Altstadt. Der Senat geht auf die Bürger zu – nun soll gemeinsam nach passenden Flächen zur Unterbringung der Flüchtlinge gesucht werden. Ein modernes Computerprogramm der HafenCity Universität macht es möglich. Ein Vorstoß, der die Debatte versachlichen und am Ende einen Volksentscheid sogar überflüssig machen könnte
Hamburgs Bürgermeister Olaf Scholz (SPD) ist gemeinhin als führungsstarker Politiker bekannt. Insofern war es ungewöhnlich, mit welch deutlichen Worten der Senatschef am gestrigen Dienstag die Bürger bei der Suche nach Flächen für Flüchtlingsunterkünfte in die Pflicht nahm. „Für mich geht es darum, dass wir das als unsere gemeinsame Angelegenheit begreifen. Fast 1,8 Millionen Hamburgerinnen und Hamburger haben ein gemeinsames Problem. Und am besten lösen wir das gemeinsam.“
Worum geht es? Der Senat erwartet – daran ließ Scholz trotz im Januar und Februar deutlich gesunkener Flüchtlingszahlen keine Zweifel –, dass Ende dieses Jahres rund 80.000 Geflüchtete in Hamburg untergebracht werden müssen. Das wären 40.000 mehr als Ende 2015. Dafür sieht Rot-Grün neben vielen kleinen Einrichtungen große Unterkünfte für mehrere Tausend Asylbewerber und -berechtigte vor. Gegen Großunterkünfte gibt es in den Stadtteilen aber Widerstand.
Es ist vor allem der in den vergangenen Monaten wiederholt geäußerte Vorwurf, SPD und Grüne würden die Bürger nicht ausreichend bei der Suche nach Flächen beteiligen und letztlich über deren Kopf hinweg entscheiden, der den Bürgermeister jetzt in die Offensive gehen ließ. Fündig wurde der Senat bei der HafenCity Universität.

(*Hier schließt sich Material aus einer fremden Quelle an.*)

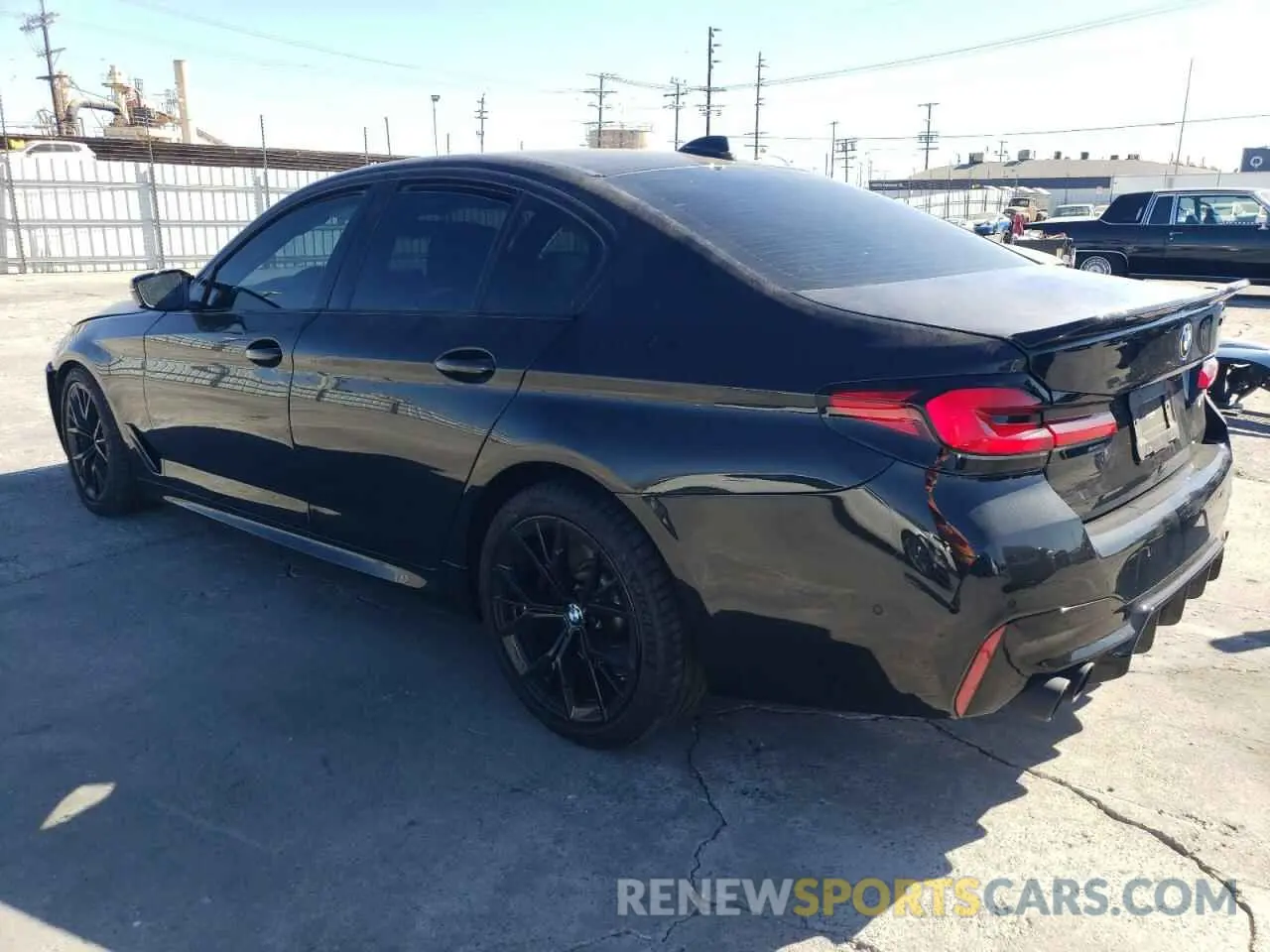 2 fotografías del automóvil dañado WBA13BK03PCM44838 BMW M5 2023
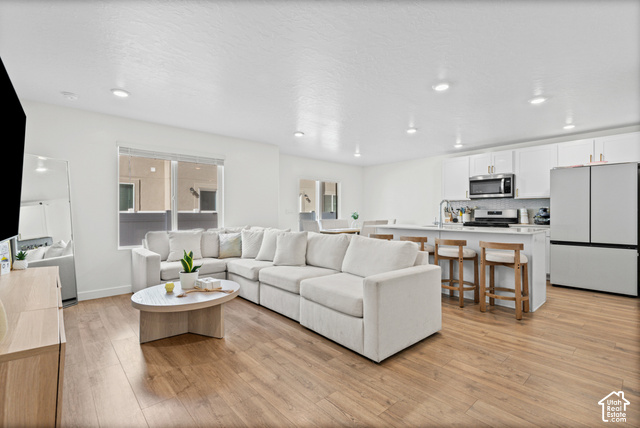 1567 E 690 N — photo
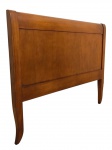 Cabeceira de cama em madeira envernizada - 120x150x07 cm.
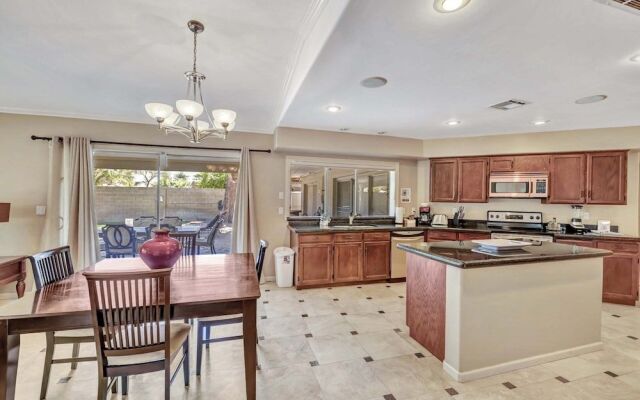 Just Listed! Kierland Home w Htd Pool and Hot tub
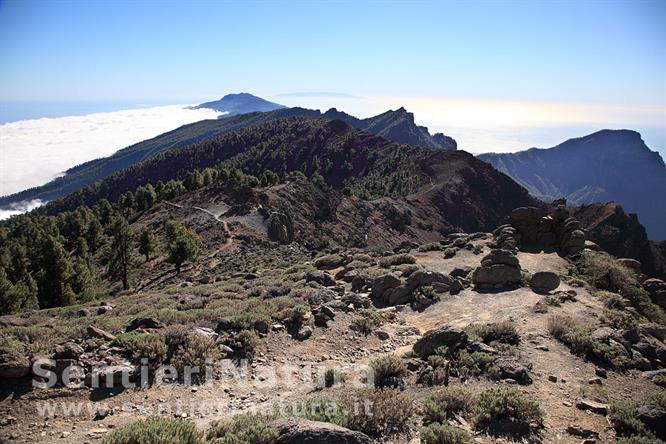 03-A pochi metri dalla cima del Pico de la Nieve, le nubi rimontano da est
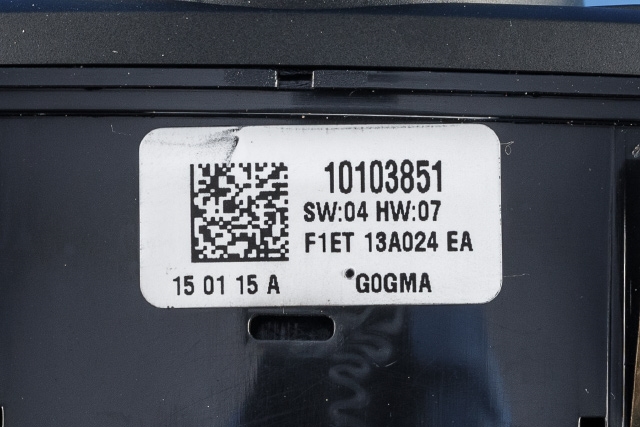 Bryter lys til Ford Focus 2014-2018 (Type III, Fase 2)  (FORD|F1ET-13A024-EA|)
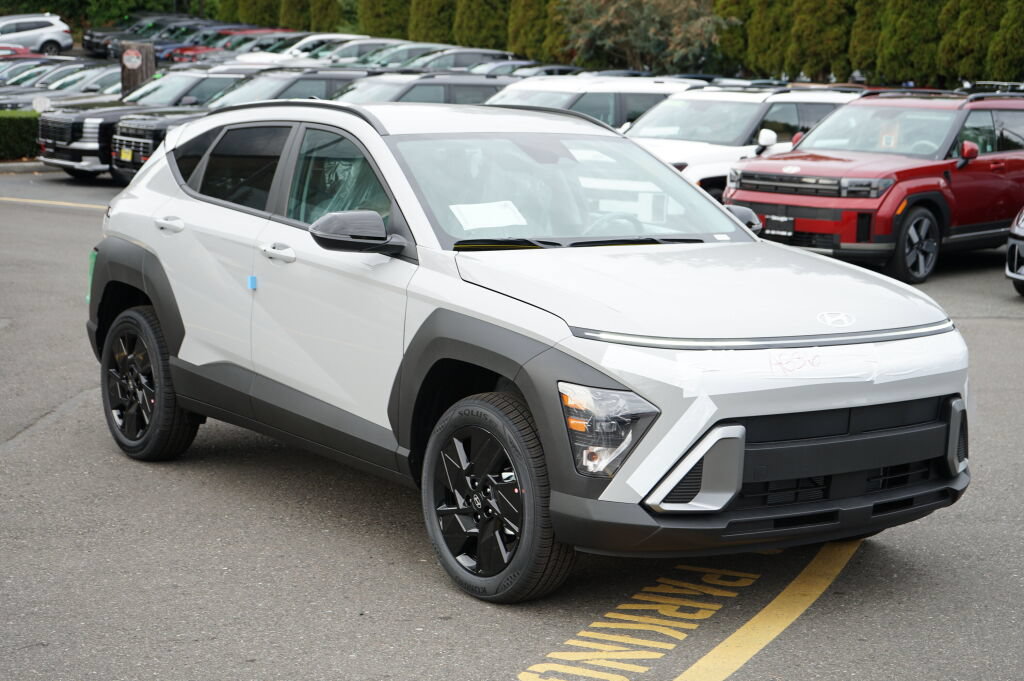 New 2027 Hyundai Kona SEL Sport AWD/4WD image 3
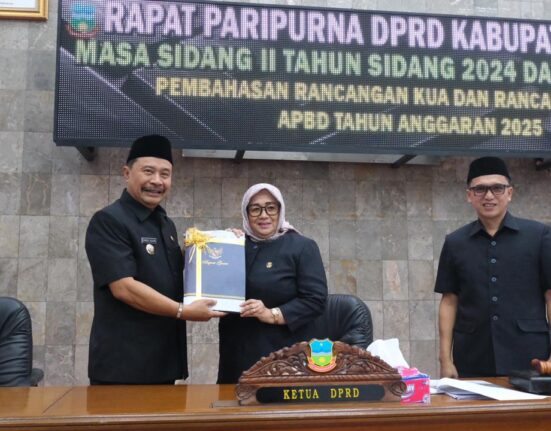Pj Bupati Garut Sampaikan Nota Pengantar 3 Raperda dan Rancangan KUA-PPAS 2025
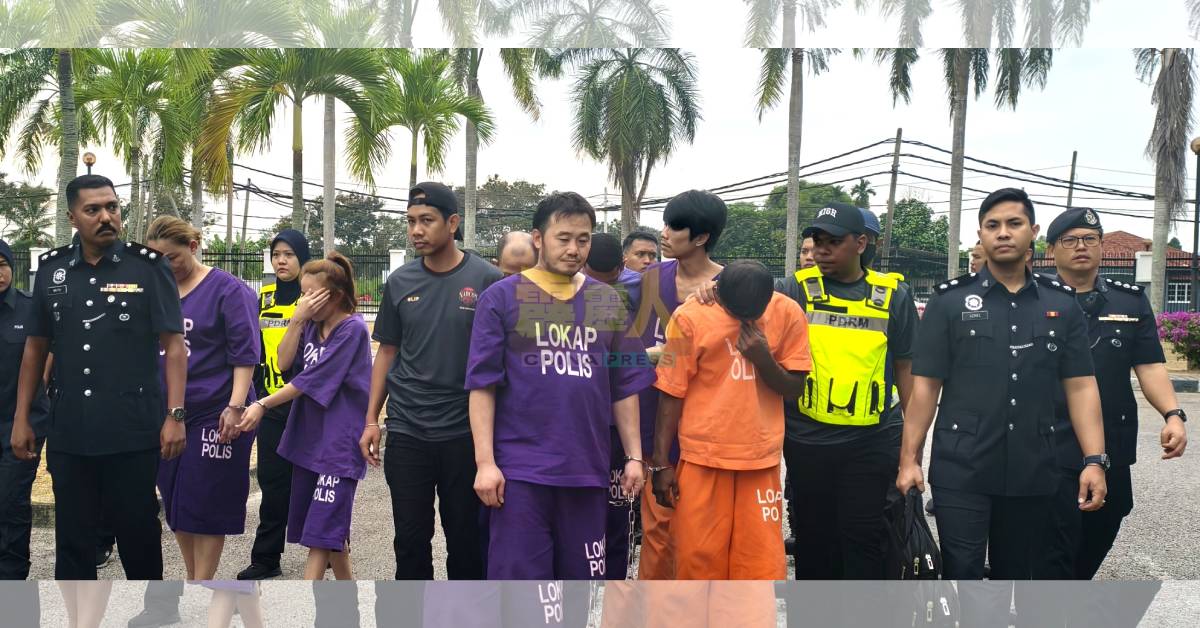 曼绒警区毒犯罪调查组主任谢忠成助理警监(右)率领团队押送犯人前往曼绒推事庭。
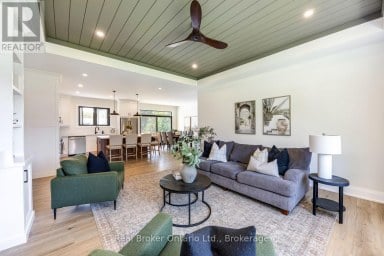 47 BLUMENWEG Scugog Ontario photo 10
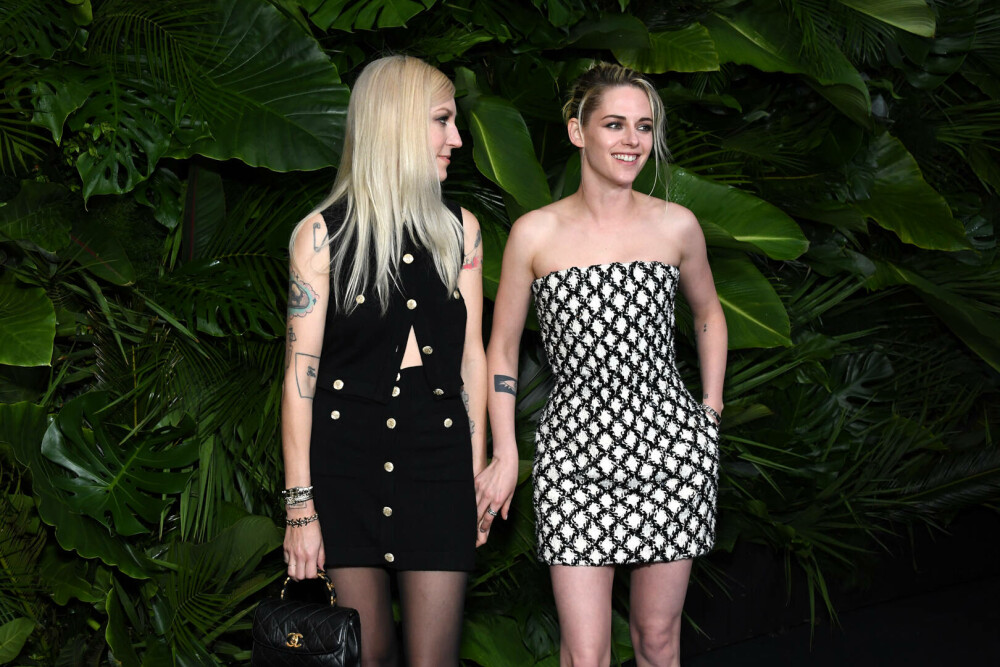 Kristen Stewart, o mireasă atipică. Ce ținută a purtat actrița din „Twilight” la nunta ei. FOTO&VIDEO - Imaginea 16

Die Wissenschaftler hätten – mithilfe von Computersoftware des weltberühmten Massachusetts Institute of Technology (MIT) aus Boston – ein „Stadtmodell zur Flächenfindung für Flüchtlingsunterkünfte in Hamburg“ entwickelt, sagte der Senatschef.
Grundlage sei ein Datenmodell, das City Scope genannt werde und an dem von April an in Workshops bis zu 40 Menschen interaktiv arbeiten könnten, sagte Prof. Gesa Ziemer, Direktorin des CityScienceLab. Es besteht aus zwei Modelltischen, auf denen Hamburg in unterschiedlichen Kartenausschnitten gezeigt wird, und mehreren Datenbänken, die eine Vielzahl von Informationen zur Verfügung stellen.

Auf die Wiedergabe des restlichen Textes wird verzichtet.